2014 Winter Olympic Games - Opening Ceremony
Opening Ceremony of the Sochi 2014 Winter Olympics at Fisht Olympic Stadium on Feb. 7, 2014 in Sochi, Russia. Clive Mason / Getty Images

The Sochi opening spectacle tells the story of Russia--blowing past some awkward parts--and NBC tries to keep up.

Watching the Sochi Olympics opening ceremony could at times feel like going to the party of someone you barely knew. We were guests, but it wasn’t really about us. The ceremony, in a way like this whole Olympics, felt like a story Russia was telling the world, but most of all a story it was telling itself, about a vital, proud, storied country on the rise–and don’t worry too much about those Stalinist-purge and gay-repression things.

It began with a Russian girl’s Wonderland trip through the Cyrillic alphabet. (Why are so many Olympic opening ceremonies highly stylized children’s nightmares?) It ended with a highly selective trip through Russian history. On the way it passed troikas of horses, cosmonauts, and War and Peace. This ceremony was so thoroughly Russian you could keep it in your freezer and pour shots of it.

And its version of Russian history, especially in the 20th century, was so smoothed over you could skate on it. While the visually stunning pastiche of Russian history represented the 1917 revolution–a red locomotive amid constructivist art–it skipped over the bloody excesses of Stalinist Russia in favor of a bit of World War II and a whole lot of Soviet ’50s teenyboppers. The turbulent recent history, perestroika, the dissolution of the Soviet Union, Russia’s lurches toward and away from democracy, were summed up by a girl letting go of a red balloon.

Of course, it was Vladimir Putin’s show, and it’s no surprise the host country would try to cast itself in an optimistic light. It was up to the broadcasters of NBC to put this fantasia in a frame of reality. That was ostensibly the point, after all, in making the ceremony the only part of the Olympics NBC would not livestream online. (The real reason, more likely, was primetime ratings.) The ceremony, we were told, needed NBC’s journalists to put it in proper context.

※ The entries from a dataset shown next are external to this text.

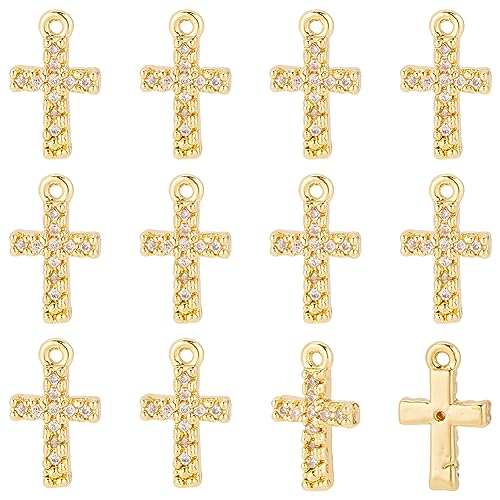 nbeads 20 Stück Kleine Kreuz-Charms Mit Kubischen Zirkonia, Echtes 18K Vergoldetes Metall Kreuz Charms Micro Pave Kreuz Anhänger Für DIY Halskette Armband Schmuckherstellung Mithelfer von nbeads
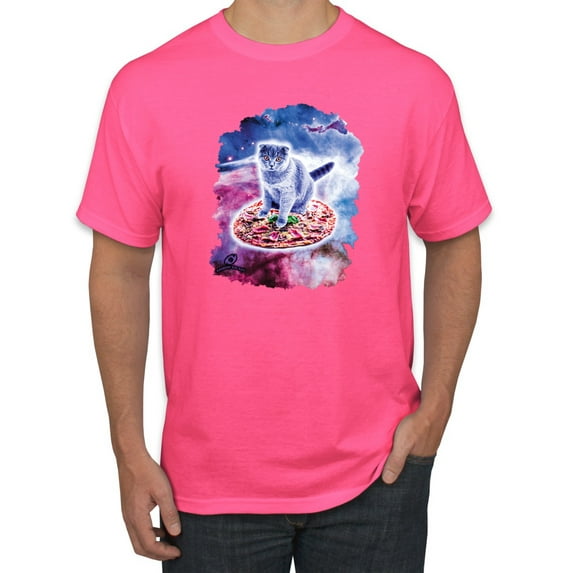 Wild Bobby, Cute Trippy Space Cat Riding Pizza, Animal Lover, Men Graphic Tees, Neon Pink, Medium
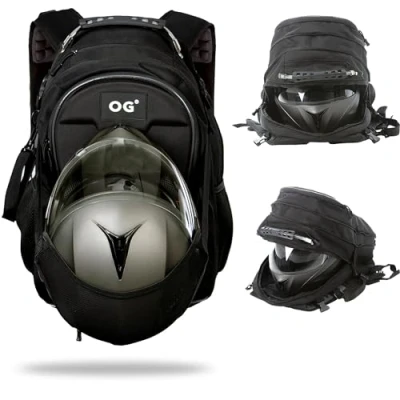 Abbildung von OG Original CityRunner Motorrad Rucksack, Wasserdicht Erweiterbar 30 35L, Helmtasche, Motorradfahrer, Helm Trageriemen, Hohe Kapazität, Laptopfach, Reflektierend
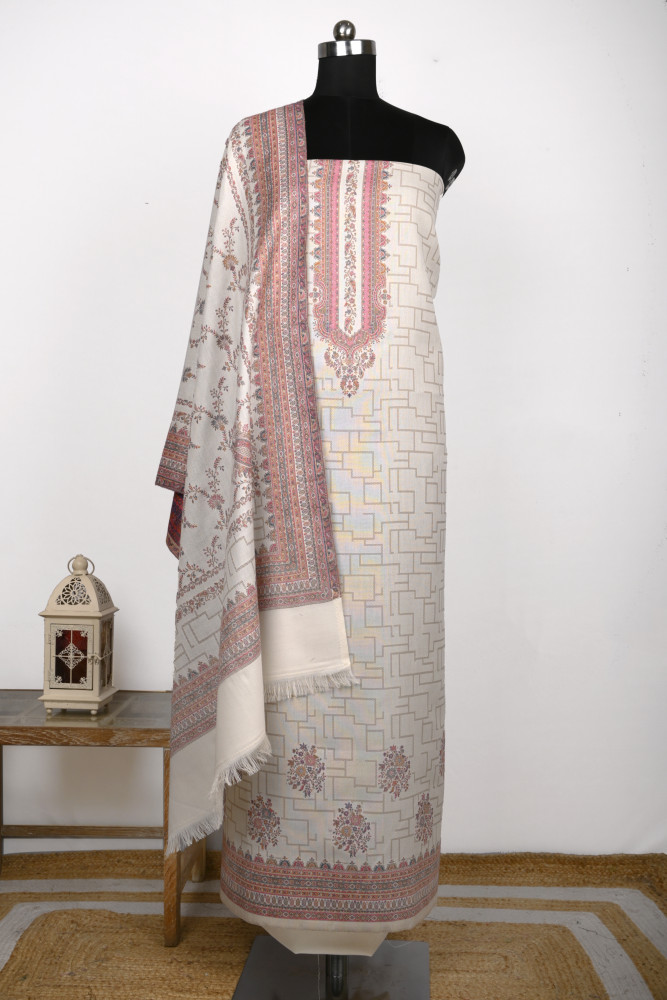 Image of Off - white Printed Pashmina Suit Set With Dupatta - 131-0482C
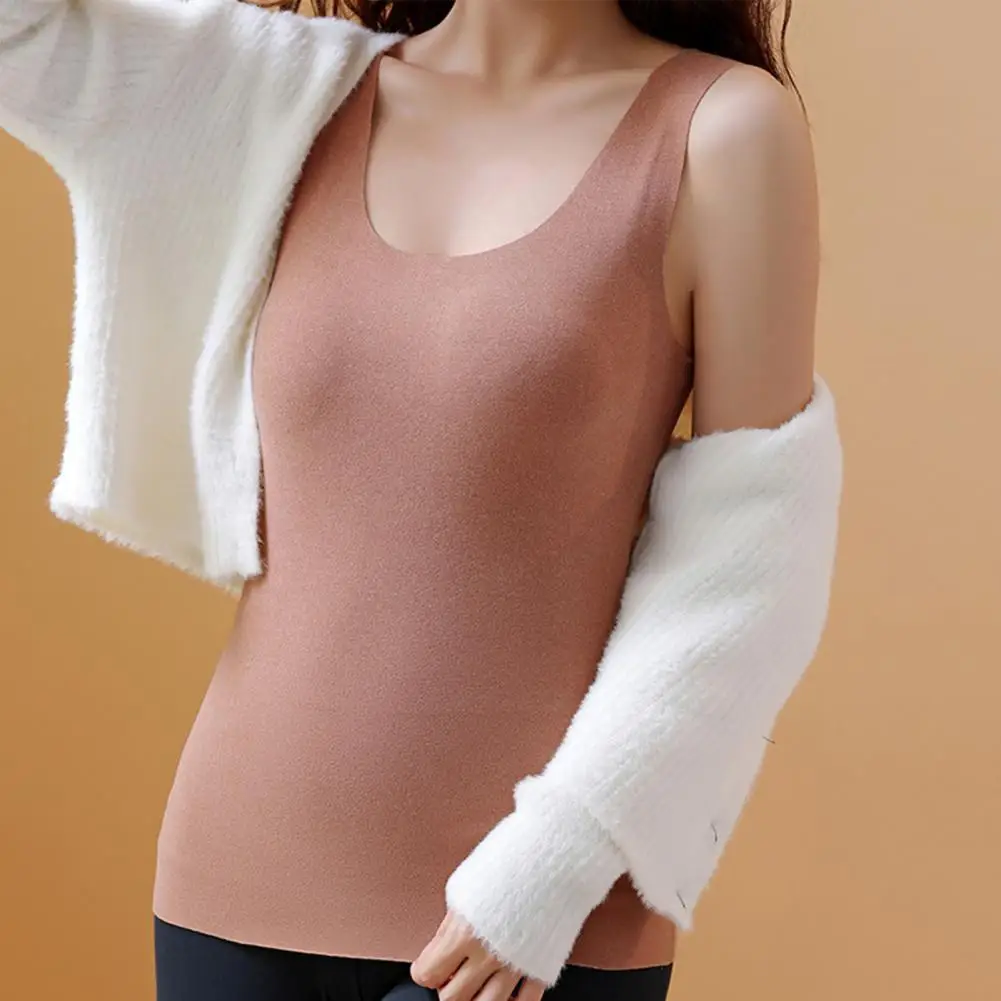 Thickened Vest Thermal Vest for Women Autumn-winter De Velvet Size Tank Top Solid Color Warm Underwear Bottoming Tops Autumn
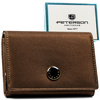 Brązowy portfel damski odszyty ze skóry naturalnej i ekologicznej - Peterson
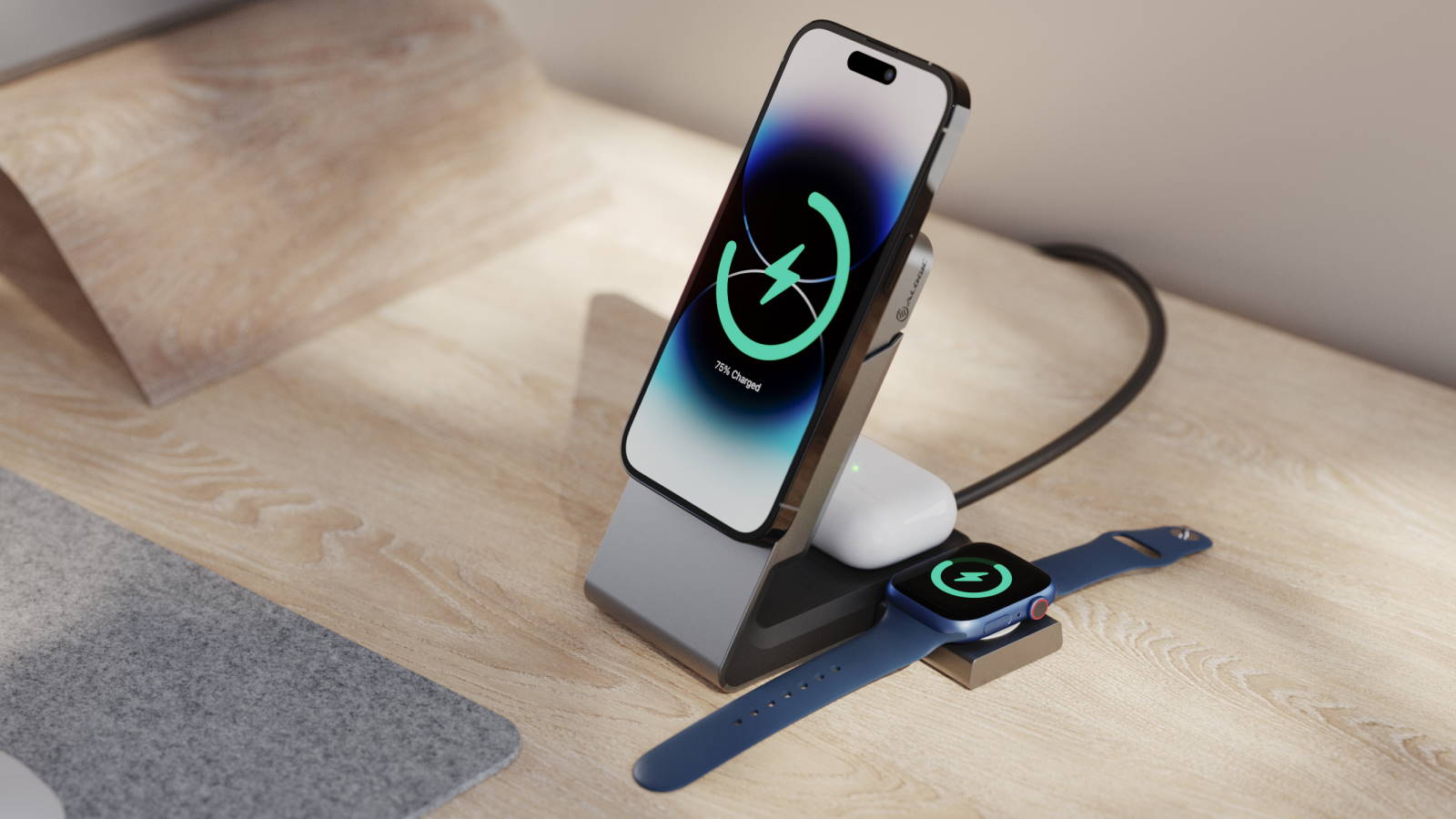 Alogic Matrix+ 3-in-1 Magnetic Charging Dock - Black | Harvey Norman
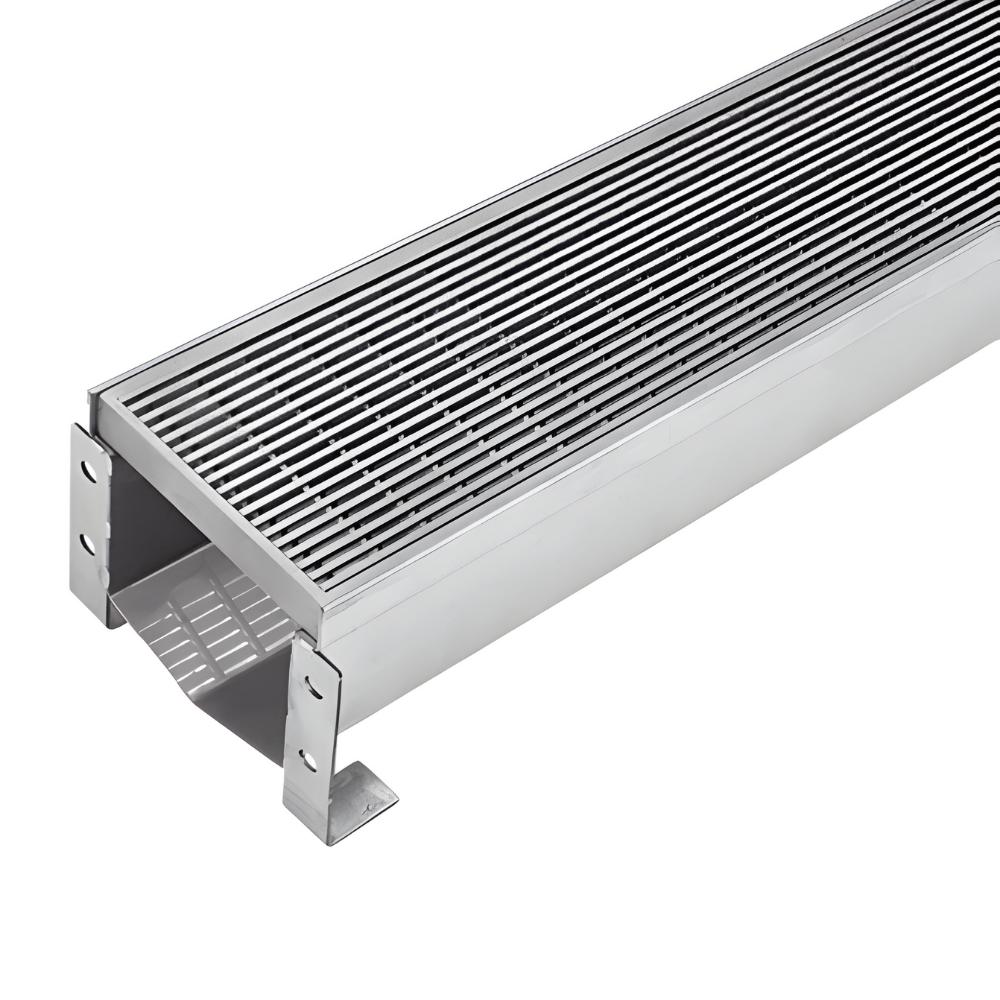 BudaWedge Stainless Steel Heelguard Driveway Trench Box Drain - Profile: 200mm wide x 170mm deep / Length: 2000mm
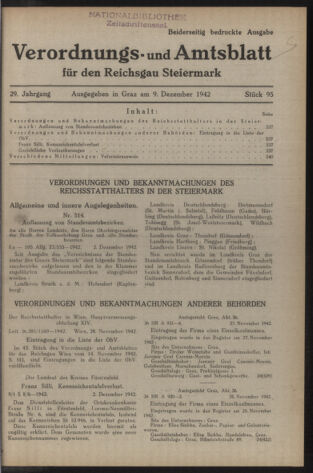 Verordnungsblatt der steiermärkischen Landesregierung 19421209 Seite: 1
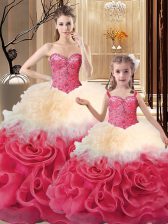  Multi-color Sweet 16 Dresses Sweet 16 and Quinceanera with Beading and Ruffles Sweetheart Sleeveless Lace Up
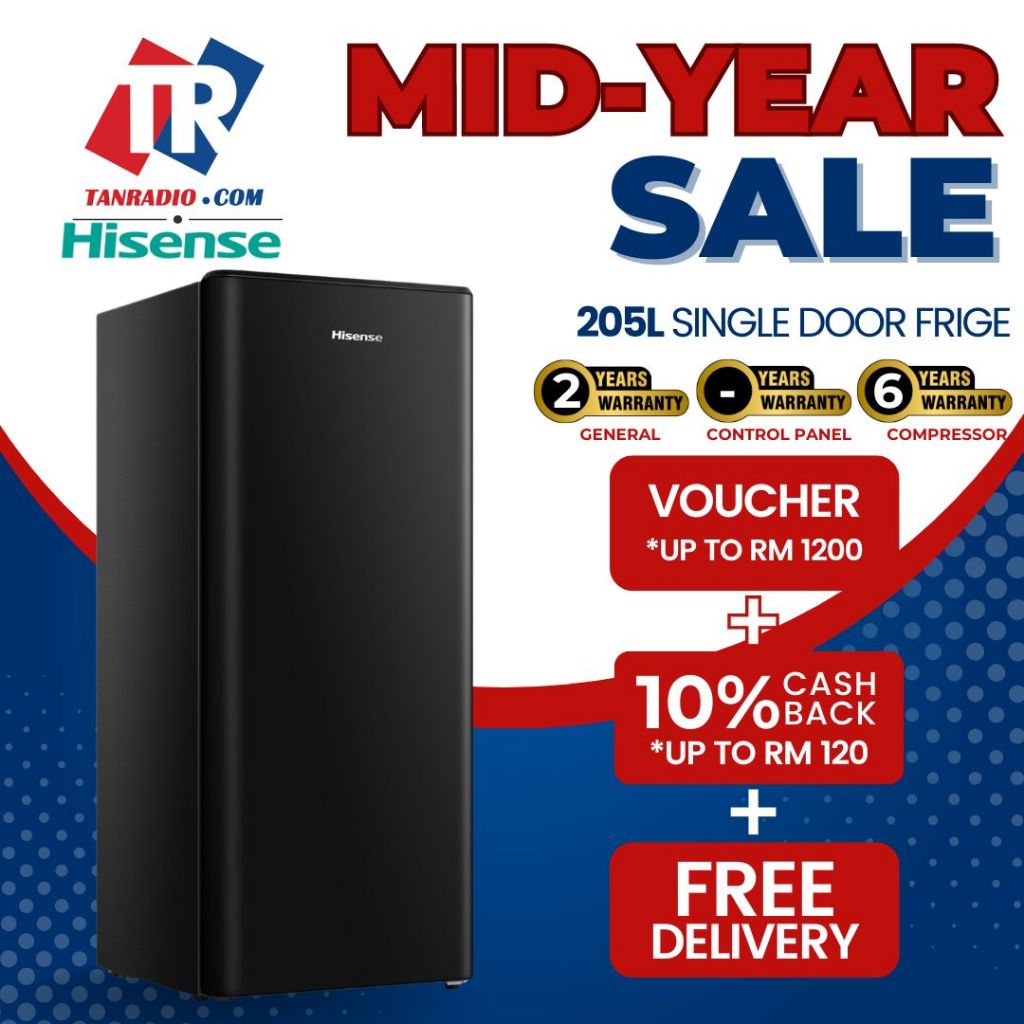 【MID YEAR SALE + FREE SHIPPING】Hisense SINGLE DOOR Fridge Mini Bar REFRIGERATOR (60L/118L/140L/170L/205L)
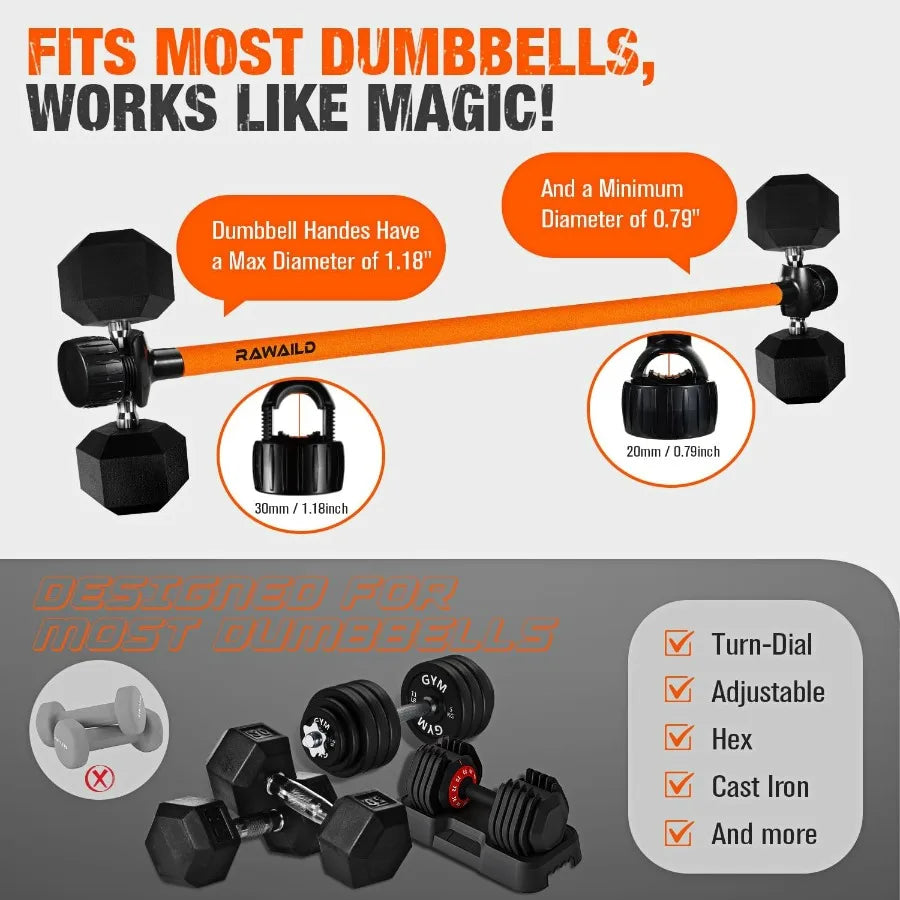 Dumbbell Converter, Convert Dumbbells to Barbell Set Weight Bar/for Bench Presses, Squats Hip Thrust Deadlifts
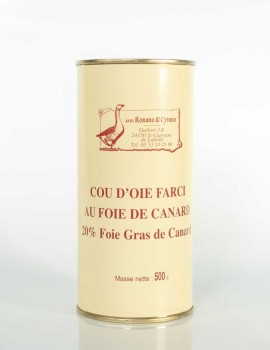 COU D'OIE FARCI AU FOIE DE CANARD - 20% Foie Gras de Canard - 500g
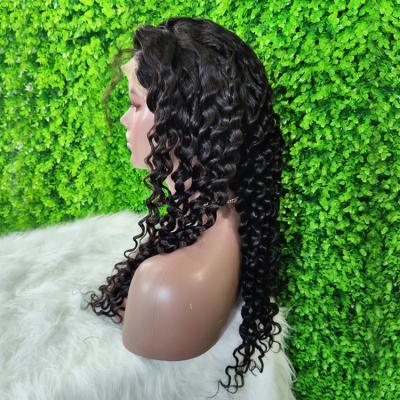 China Deep Wave Mink Brazilian Human Hair Wig Deep Wave 13x4 Lace Front Wigs 100% Raw Cuticle Aligned Hair Wigs For Black Women Natural Color for sale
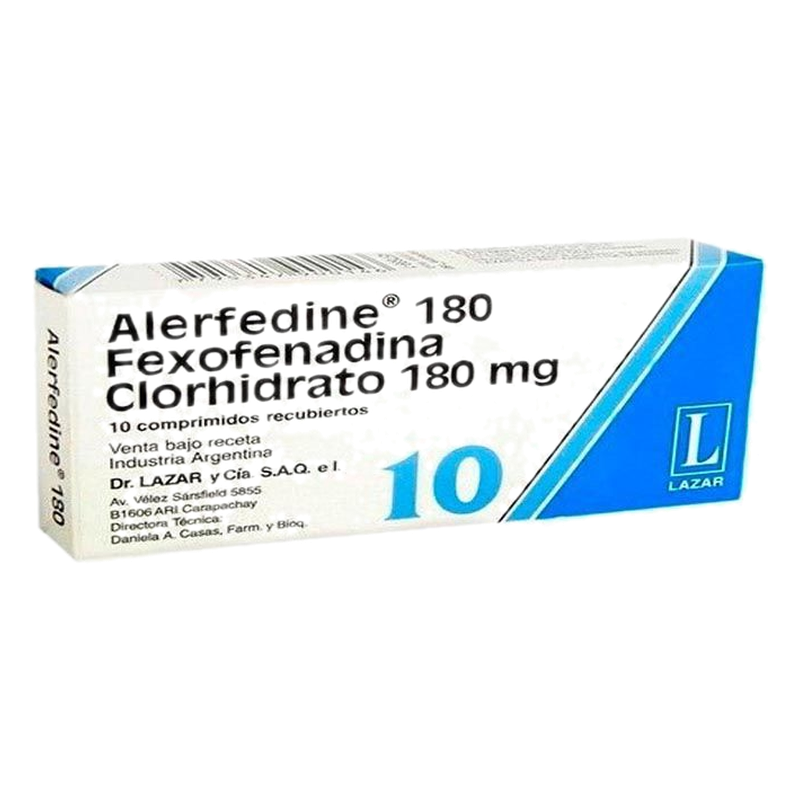 Alerfedine 180 Mg X 10 Comprimidos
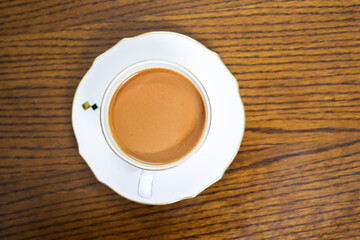 Top View Tea Cup on Wooden Table Cozy Drink Flat Lay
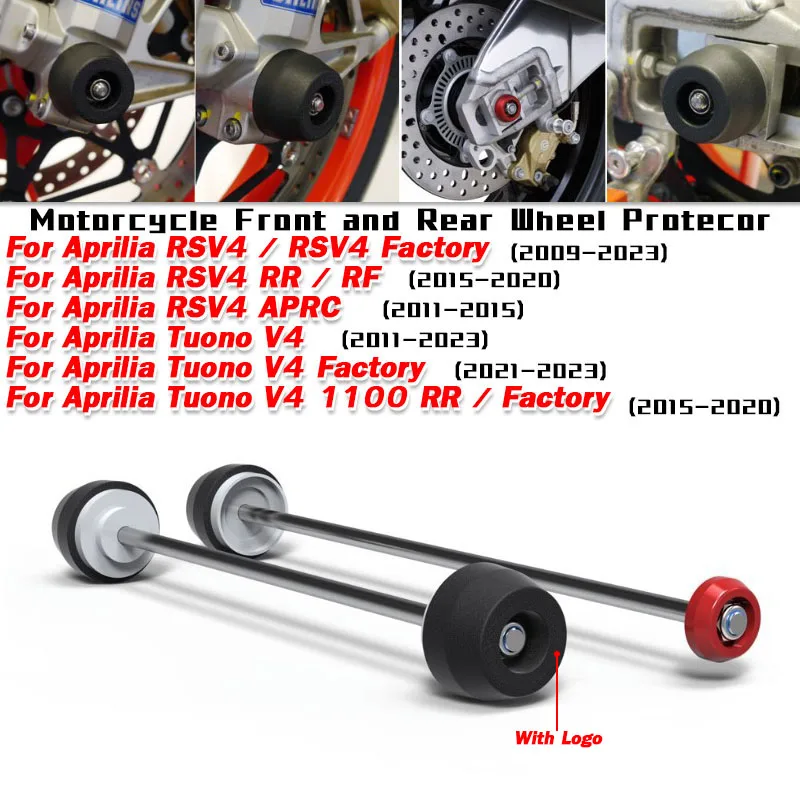 For Aprilia RSV4 / Tuono V4 2009-2023 Motorcycle Front and Rear Wheel Crash Slider Protector Pads Motorcycle Spindle Bobbins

And often they did. Bob Costas, still suffering from an uncomfortable-looking and uncomfortable-to-look-at case of pinkeye, kicked off the evening interviewing President Obama about relations with Russia: Were they turning for the worse? Was Putin an ally or antagonist? What was the U.S. doing to protest Russia’s restrictive laws on homosexuality? It was also a very smart move to hire as a commentator The New Yorker’s David Remnick, who has written extensively about the country and talked about the tensions the ceremony was embodying–for instance, modern Russians’ conflicted feelings about the Soviet past. “This is highly idealized,” Remnick noted dryly, as The Great Patriotic War (WWII) quickly dissolved into a sockhop with cosmonauts.

But NBC, like the host country, also had to balance history with entertainment, news with spectacle–and, as in London two summers ago, the balance most often crashed to Earth in the color commentary, with Matt Lauer and Meredith Vieira, reading factoids listlessly and reassuring their audience that, don’t worry, all these countries were overwhelming to them too! At one point, Vieira explained that the Parade of Nations was organized by alphabetical order in Cyrillic, the Russian alphabet: “If you need more information, Google it!” Later in the parade, Lauer explained that “YOLO” stands for “You Only Live Once.” Context! (The most striking thing in the parade, as in London, was the number of athletes squinting into rectangles, shooting selfies and smartphone video.)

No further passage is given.